**WORK ITEM**
When you reach the line containing "Courrėges Friday Bowling Handbag Glam Steals" in the entries below, start writing out each line exactly, and stop after the line containing "EXO TERRA Analogthermometer für Terrarien".

**RECORDS SHOWN**
-- Opening Marker --

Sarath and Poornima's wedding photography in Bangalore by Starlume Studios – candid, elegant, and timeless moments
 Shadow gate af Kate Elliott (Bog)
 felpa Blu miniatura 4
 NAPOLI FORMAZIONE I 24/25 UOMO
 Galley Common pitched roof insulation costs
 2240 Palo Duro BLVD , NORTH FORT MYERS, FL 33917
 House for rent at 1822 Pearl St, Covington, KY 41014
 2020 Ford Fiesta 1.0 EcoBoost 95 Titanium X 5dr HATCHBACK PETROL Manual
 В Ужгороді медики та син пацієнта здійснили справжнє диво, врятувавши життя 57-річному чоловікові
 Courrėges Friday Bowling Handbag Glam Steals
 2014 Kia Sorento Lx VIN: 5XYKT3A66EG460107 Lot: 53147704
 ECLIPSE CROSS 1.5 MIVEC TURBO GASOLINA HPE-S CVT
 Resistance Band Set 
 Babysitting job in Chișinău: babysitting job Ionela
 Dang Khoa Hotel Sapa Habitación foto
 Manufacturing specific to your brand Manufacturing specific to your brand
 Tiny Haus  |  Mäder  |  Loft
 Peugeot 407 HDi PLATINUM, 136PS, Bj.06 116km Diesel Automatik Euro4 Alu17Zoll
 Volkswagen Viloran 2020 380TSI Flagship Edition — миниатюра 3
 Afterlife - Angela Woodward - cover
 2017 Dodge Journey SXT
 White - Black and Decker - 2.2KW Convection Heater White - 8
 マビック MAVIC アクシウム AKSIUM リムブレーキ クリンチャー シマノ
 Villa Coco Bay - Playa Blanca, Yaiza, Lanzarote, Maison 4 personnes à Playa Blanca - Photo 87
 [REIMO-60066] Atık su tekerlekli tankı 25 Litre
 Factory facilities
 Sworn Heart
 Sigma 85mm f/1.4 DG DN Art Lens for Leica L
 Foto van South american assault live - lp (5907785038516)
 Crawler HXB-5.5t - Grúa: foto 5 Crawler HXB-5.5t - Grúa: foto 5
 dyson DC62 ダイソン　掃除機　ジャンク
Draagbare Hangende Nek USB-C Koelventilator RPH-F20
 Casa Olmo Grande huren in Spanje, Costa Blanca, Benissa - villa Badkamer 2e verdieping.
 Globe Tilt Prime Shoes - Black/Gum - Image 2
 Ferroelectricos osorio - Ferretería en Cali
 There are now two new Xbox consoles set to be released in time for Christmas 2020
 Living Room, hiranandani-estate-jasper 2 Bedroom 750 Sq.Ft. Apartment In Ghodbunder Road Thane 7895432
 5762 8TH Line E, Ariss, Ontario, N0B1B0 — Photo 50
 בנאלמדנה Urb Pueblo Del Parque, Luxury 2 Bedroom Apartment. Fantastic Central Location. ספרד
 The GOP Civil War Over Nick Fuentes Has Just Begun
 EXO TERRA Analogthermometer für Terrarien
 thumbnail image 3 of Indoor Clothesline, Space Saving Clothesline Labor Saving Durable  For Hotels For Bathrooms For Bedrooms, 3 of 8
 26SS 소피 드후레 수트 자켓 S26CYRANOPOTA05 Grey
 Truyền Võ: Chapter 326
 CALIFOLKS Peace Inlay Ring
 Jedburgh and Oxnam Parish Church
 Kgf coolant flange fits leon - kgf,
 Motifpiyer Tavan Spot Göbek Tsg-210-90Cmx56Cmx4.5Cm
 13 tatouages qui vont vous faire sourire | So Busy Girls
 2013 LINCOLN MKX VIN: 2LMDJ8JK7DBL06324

-- Closing Marker --

**REPLY**
 Courrėges Friday Bowling Handbag Glam Steals
 2014 Kia Sorento Lx VIN: 5XYKT3A66EG460107 Lot: 53147704
 ECLIPSE CROSS 1.5 MIVEC TURBO GASOLINA HPE-S CVT
 Resistance Band Set 
 Babysitting job in Chișinău: babysitting job Ionela
 Dang Khoa Hotel Sapa Habitación foto
 Manufacturing specific to your brand Manufacturing specific to your brand
 Tiny Haus  |  Mäder  |  Loft
 Peugeot 407 HDi PLATINUM, 136PS, Bj.06 116km Diesel Automatik Euro4 Alu17Zoll
 Volkswagen Viloran 2020 380TSI Flagship Edition — миниатюра 3
 Afterlife - Angela Woodward - cover
 2017 Dodge Journey SXT
 White - Black and Decker - 2.2KW Convection Heater White - 8
 マビック MAVIC アクシウム AKSIUM リムブレーキ クリンチャー シマノ
 Villa Coco Bay - Playa Blanca, Yaiza, Lanzarote, Maison 4 personnes à Playa Blanca - Photo 87
 [REIMO-60066] Atık su tekerlekli tankı 25 Litre
 Factory facilities
 Sworn Heart
 Sigma 85mm f/1.4 DG DN Art Lens for Leica L
 Foto van South american assault live - lp (5907785038516)
 Crawler HXB-5.5t - Grúa: foto 5 Crawler HXB-5.5t - Grúa: foto 5
 dyson DC62 ダイソン　掃除機　ジャンク
Draagbare Hangende Nek USB-C Koelventilator RPH-F20
 Casa Olmo Grande huren in Spanje, Costa Blanca, Benissa - villa Badkamer 2e verdieping.
 Globe Tilt Prime Shoes - Black/Gum - Image 2
 Ferroelectricos osorio - Ferretería en Cali
 There are now two new Xbox consoles set to be released in time for Christmas 2020
 Living Room, hiranandani-estate-jasper 2 Bedroom 750 Sq.Ft. Apartment In Ghodbunder Road Thane 7895432
 5762 8TH Line E, Ariss, Ontario, N0B1B0 — Photo 50
 בנאלמדנה Urb Pueblo Del Parque, Luxury 2 Bedroom Apartment. Fantastic Central Location. ספרד
 The GOP Civil War Over Nick Fuentes Has Just Begun
 EXO TERRA Analogthermometer für Terrarien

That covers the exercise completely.